In today’s post we will provide three additional examples that are “closer” to the action of manufacturing and far more recent. And, of course, we will tie it all up in a pretty bow and make the case that the Veo FreeMove system is indeed one of these transformational technologies that will help break through the wall of weak productivity growth in manufacturing.

Overcoming the end of Moore’s Law through chip architecture

As I’m sure you’re aware, Moore’s Law is the observation by Intel co-founder Gordon Moore in 1965 (and subsequently revised downward a few times by the powers that be) that the number of transistors in an integrated circuit doubles at some exponential rate. Moore's Law isn’t really a “Law” (with a capital L), but more of an empirical observation and projection of a historical trend that has managed to actually counter Murphy’s Law (which is pervasive in engineering development) by being right more often than wrong.

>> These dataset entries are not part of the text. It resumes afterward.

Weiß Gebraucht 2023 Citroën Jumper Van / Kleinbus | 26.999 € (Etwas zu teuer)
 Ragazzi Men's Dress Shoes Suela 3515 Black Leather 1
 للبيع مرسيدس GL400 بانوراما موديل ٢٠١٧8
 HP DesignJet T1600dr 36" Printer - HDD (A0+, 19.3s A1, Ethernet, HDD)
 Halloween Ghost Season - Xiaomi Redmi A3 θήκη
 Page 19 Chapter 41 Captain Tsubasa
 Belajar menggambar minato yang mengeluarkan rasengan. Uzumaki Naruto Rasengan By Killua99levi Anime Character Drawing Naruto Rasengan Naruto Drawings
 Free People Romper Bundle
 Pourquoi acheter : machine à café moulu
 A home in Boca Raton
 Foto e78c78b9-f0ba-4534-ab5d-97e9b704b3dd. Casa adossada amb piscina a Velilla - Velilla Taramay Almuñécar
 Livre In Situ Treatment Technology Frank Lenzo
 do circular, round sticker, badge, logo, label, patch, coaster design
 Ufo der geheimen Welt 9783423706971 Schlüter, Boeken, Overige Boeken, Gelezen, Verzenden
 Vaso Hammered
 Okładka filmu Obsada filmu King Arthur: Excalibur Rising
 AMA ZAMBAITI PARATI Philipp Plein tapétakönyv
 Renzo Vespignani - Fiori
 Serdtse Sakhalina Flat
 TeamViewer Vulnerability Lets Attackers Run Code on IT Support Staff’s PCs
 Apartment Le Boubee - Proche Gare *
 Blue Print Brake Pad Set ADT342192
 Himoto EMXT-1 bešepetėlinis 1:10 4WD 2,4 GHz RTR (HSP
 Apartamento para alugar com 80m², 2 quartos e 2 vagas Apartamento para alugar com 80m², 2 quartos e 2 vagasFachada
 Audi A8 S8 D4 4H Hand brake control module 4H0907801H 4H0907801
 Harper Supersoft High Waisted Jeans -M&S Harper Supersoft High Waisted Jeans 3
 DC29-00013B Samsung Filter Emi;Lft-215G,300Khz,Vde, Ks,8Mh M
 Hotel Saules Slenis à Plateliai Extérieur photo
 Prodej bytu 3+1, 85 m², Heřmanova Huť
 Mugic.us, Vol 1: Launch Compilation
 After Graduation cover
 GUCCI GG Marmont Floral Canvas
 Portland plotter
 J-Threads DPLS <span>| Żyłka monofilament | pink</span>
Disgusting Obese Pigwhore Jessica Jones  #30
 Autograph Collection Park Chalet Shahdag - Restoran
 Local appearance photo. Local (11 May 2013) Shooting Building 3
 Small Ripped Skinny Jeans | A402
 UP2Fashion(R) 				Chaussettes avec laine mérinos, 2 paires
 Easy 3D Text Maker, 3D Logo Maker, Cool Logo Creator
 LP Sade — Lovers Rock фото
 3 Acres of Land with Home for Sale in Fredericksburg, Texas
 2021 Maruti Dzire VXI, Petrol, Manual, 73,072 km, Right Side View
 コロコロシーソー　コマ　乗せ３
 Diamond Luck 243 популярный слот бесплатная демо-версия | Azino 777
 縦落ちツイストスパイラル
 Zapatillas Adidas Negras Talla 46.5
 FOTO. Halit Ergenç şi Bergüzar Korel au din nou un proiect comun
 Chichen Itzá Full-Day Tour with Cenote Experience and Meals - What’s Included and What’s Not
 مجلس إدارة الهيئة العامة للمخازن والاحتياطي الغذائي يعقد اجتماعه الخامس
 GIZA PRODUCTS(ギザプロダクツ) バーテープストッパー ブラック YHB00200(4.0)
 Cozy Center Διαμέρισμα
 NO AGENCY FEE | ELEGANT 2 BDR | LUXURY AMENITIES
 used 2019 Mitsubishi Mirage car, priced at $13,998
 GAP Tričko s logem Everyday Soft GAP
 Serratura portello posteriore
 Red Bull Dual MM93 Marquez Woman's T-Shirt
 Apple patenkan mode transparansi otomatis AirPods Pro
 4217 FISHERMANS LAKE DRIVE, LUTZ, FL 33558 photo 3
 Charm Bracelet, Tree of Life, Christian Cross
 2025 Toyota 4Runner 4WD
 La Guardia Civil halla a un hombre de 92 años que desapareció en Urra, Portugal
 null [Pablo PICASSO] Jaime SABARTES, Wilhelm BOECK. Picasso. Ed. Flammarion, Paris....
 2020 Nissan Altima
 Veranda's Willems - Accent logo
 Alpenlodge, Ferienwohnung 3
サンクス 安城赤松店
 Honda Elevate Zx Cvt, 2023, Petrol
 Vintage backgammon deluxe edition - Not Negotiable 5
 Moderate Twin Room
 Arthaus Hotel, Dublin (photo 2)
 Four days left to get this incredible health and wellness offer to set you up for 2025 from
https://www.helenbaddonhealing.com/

The original version of Moore’s Law predicted the doubling of transistor density every 18 months. The less ambitious 1975 version of Moore’s law stated that transistor density would double every 2 years, or by 41% YoY.¹ In Figure 1, which tracks transistor density and computing performance over 40 years, the blue dashed line projects normalized transistor density growing at the rate set by the 1975 version of Moore’s Law, doubling every 2 years.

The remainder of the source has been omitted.